# [Task goal]
The answer must reproduce every record exactly, with all pictures omitted.

# [Listed records]
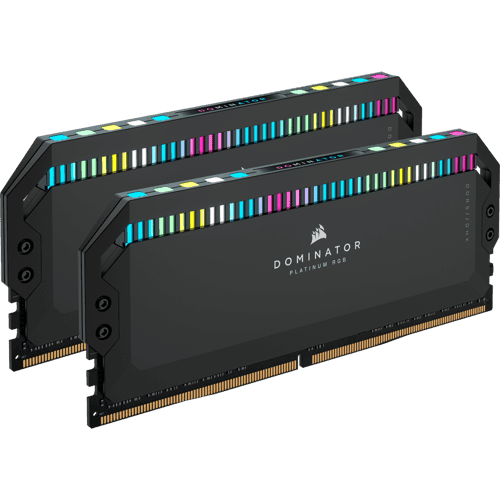 Corsair Dominator Platinum Rgb 32gb 6,000mhz 288-pin Dimm Corsair Dominator Platinum Rgb 32gb 6,000mhz 288-pin Dimm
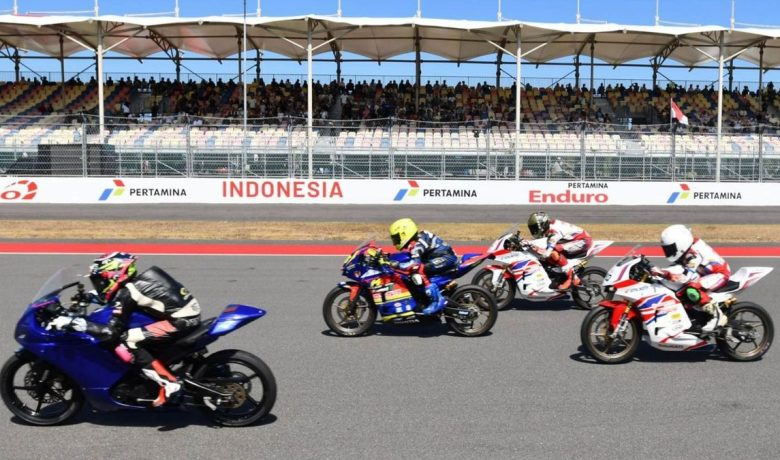 Important Visit: Pertamina Mandalika International Circuit, Tempat  Generasi Baru Pembalap Indonesia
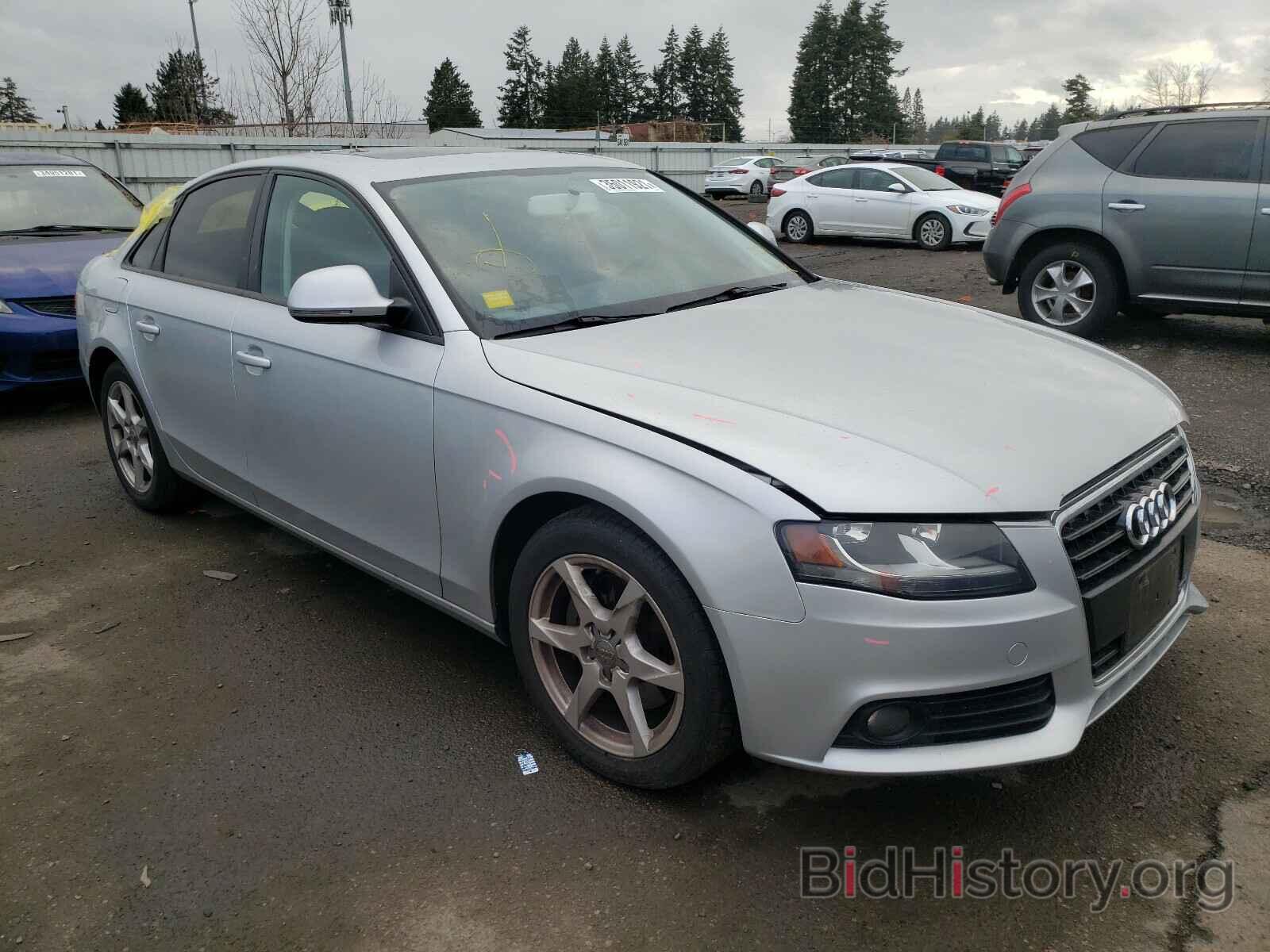 Фотография WAULF78K89A057688 - AUDI A4 2009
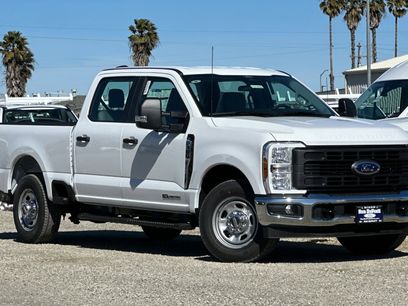 New 2024 Ford F350 XL w/ XL Driver Assist Package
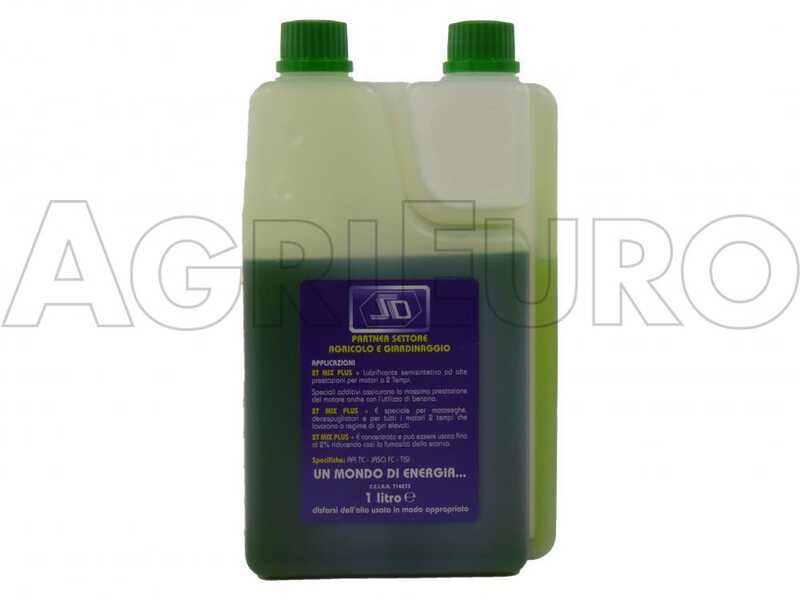 Soplador aspirador Ama AG2-BLV - 3 en 1 con motor de gasolina  26cc 2 tiempos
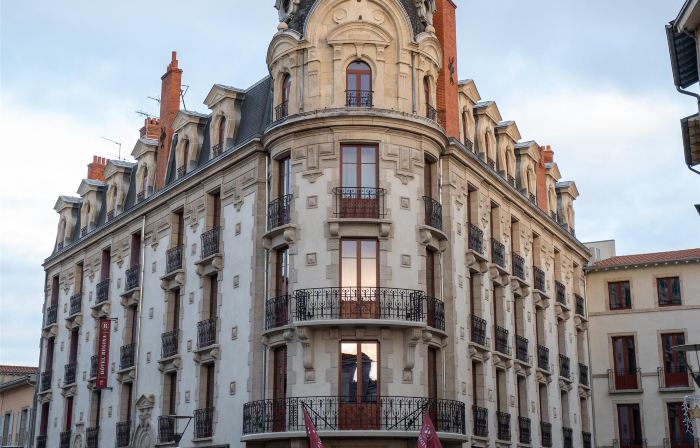 Hôtel et Restaurant Le Regina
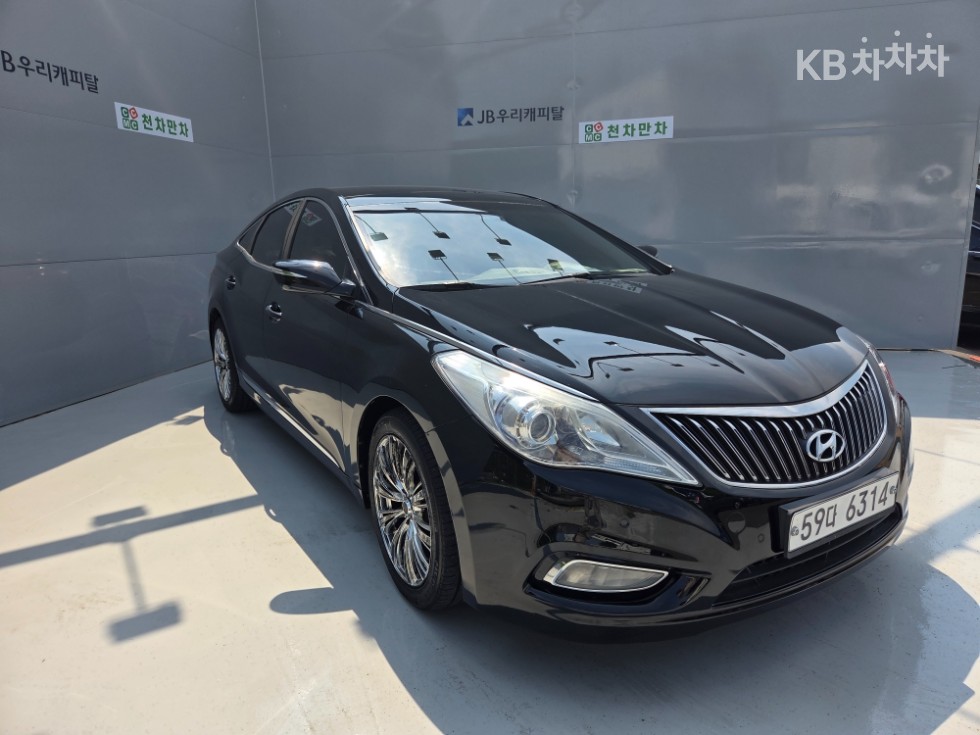 Hyundai Grandeur — miniaturë 2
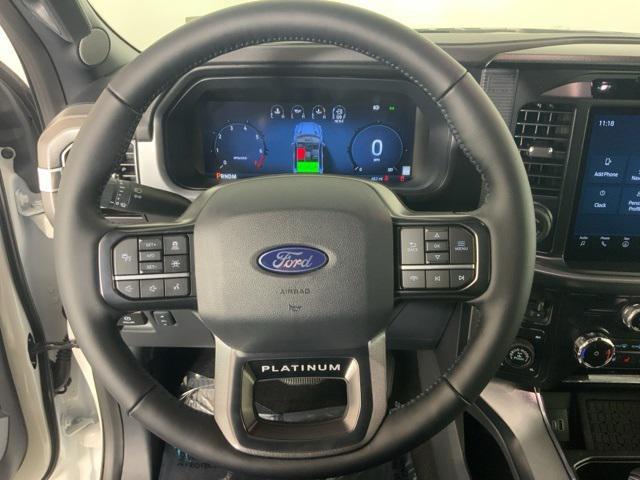 new 2025 Ford F-150 car, priced at $81,370
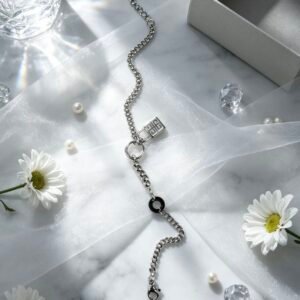PULSERA PLATEADO MS3134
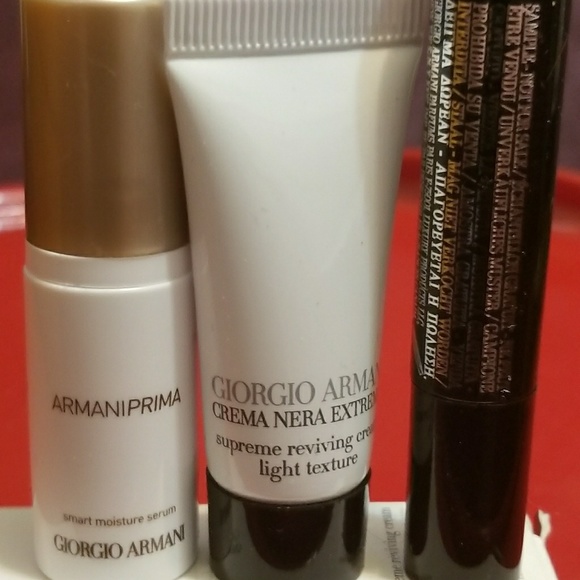 ARMANI EYES ARMANI CREMA NERA ARMANIPRIMA - Picture 1 of 8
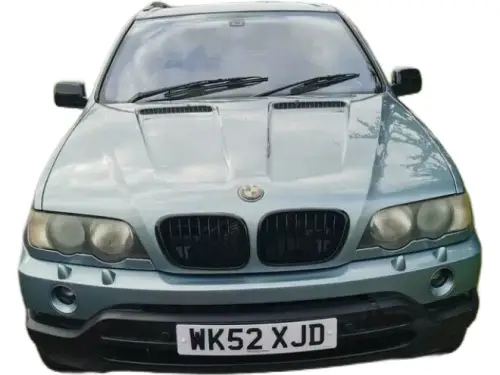 BMW X5 D Sport Auto WK52 XJD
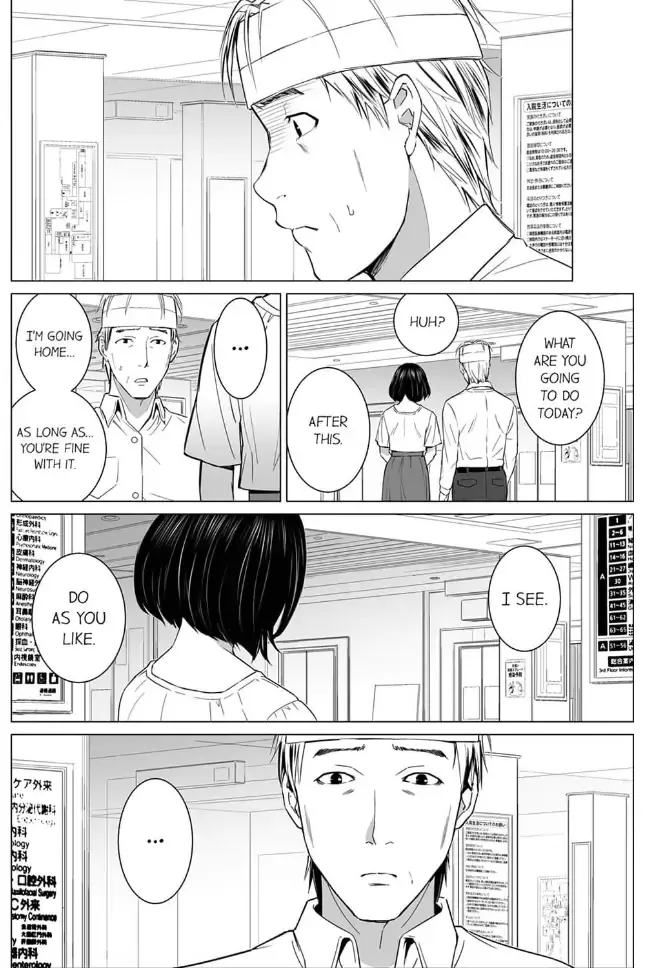 Shiawase na Kazoku Chapter 10 page 22 - 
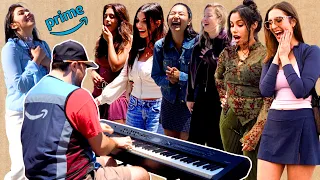 Amazon Driver Delivers INCREDIBLE Piano Pranks!! (Top 20)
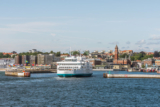ForSea ferry to Sweden: a battery powered ship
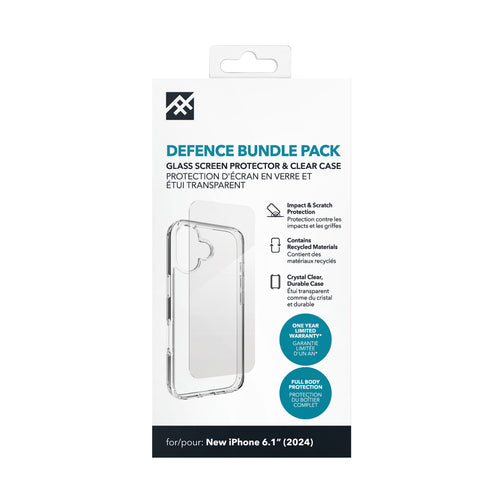 IFROGZ Defence Bundle Pack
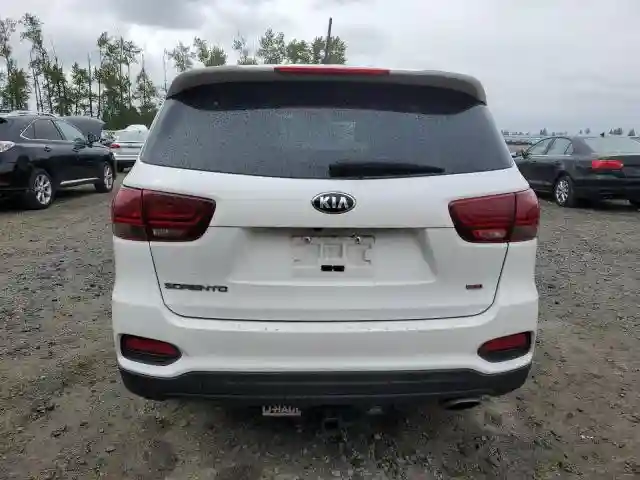 5XYPG4A36LG698588 2020 KIA SORENTO-5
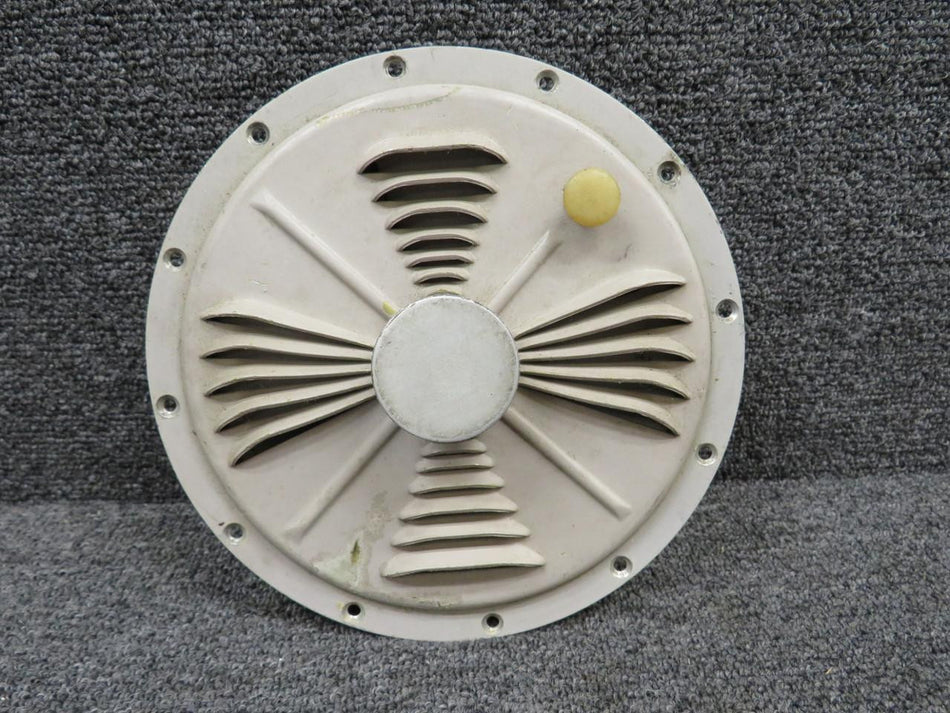 Beechcraft Parts 35-550054 Beechcraft C33A Cabin Pilot Side Cold Air Valve Assembly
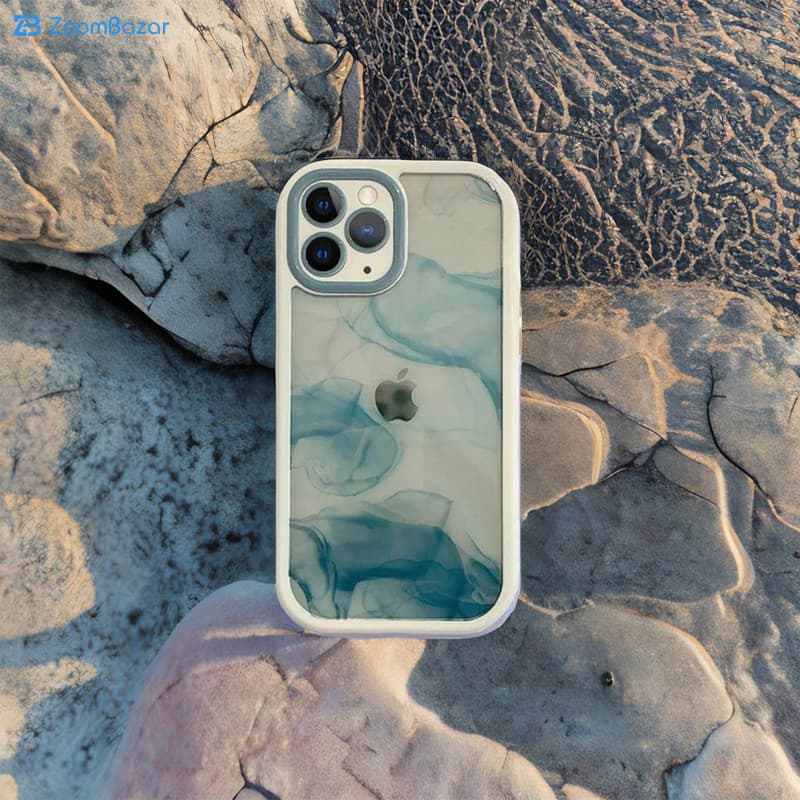قاب اپیکوی مدل Marble مناسب برای گوشی موبایل اپل iPhone 13 Pro Max — تصویر ۵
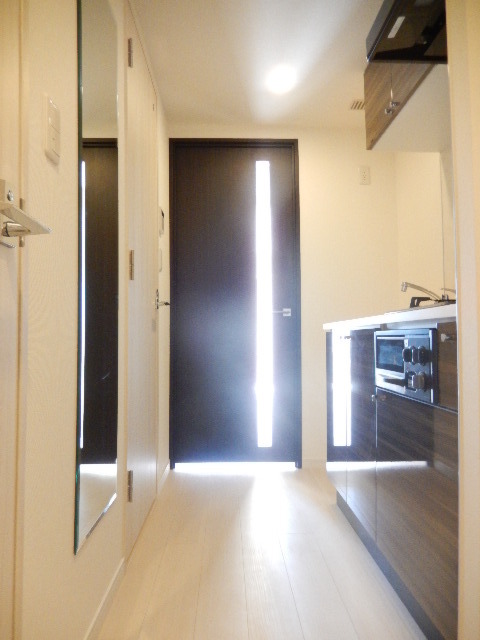 玄関　廊下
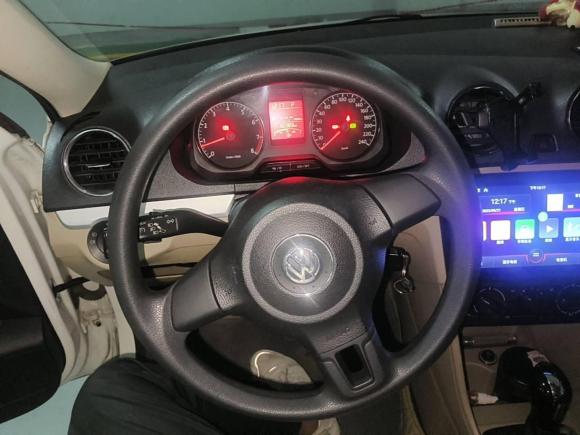 [武汉·鄂A] 二手大众捷达2013款 1.6L 自动舒适型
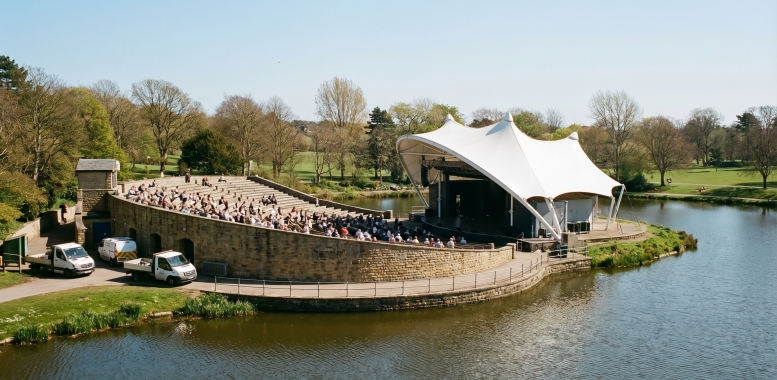 Scarborough Open Air Theatre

# [Solution to the exercise]
 Corsair Dominator Platinum Rgb 32gb 6,000mhz 288-pin Dimm Corsair Dominator Platinum Rgb 32gb 6,000mhz 288-pin Dimm
 Important Visit: Pertamina Mandalika International Circuit, Tempat  Generasi Baru Pembalap Indonesia
 Фотография WAULF78K89A057688 - AUDI A4 2009
 New 2024 Ford F350 XL w/ XL Driver Assist Package
 Soplador aspirador Ama AG2-BLV - 3 en 1 con motor de gasolina  26cc 2 tiempos
 Hôtel et Restaurant Le Regina
 Hyundai Grandeur — miniaturë 2
 new 2025 Ford F-150 car, priced at $81,370
PULSERA PLATEADO MS3134
 ARMANI EYES ARMANI CREMA NERA ARMANIPRIMA - Picture 1 of 8
 BMW X5 D Sport Auto WK52 XJD
 Shiawase na Kazoku Chapter 10 page 22 - 
 Amazon Driver Delivers INCREDIBLE Piano Pranks!! (Top 20)
ForSea ferry to Sweden: a battery powered ship
 IFROGZ Defence Bundle Pack
 5XYPG4A36LG698588 2020 KIA SORENTO-5
 Beechcraft Parts 35-550054 Beechcraft C33A Cabin Pilot Side Cold Air Valve Assembly
قاب اپیکوی مدل Marble مناسب برای گوشی موبایل اپل iPhone 13 Pro Max — تصویر ۵
 玄関　廊下
 [武汉·鄂A] 二手大众捷达2013款 1.6L 自动舒适型
 Scarborough Open Air Theatre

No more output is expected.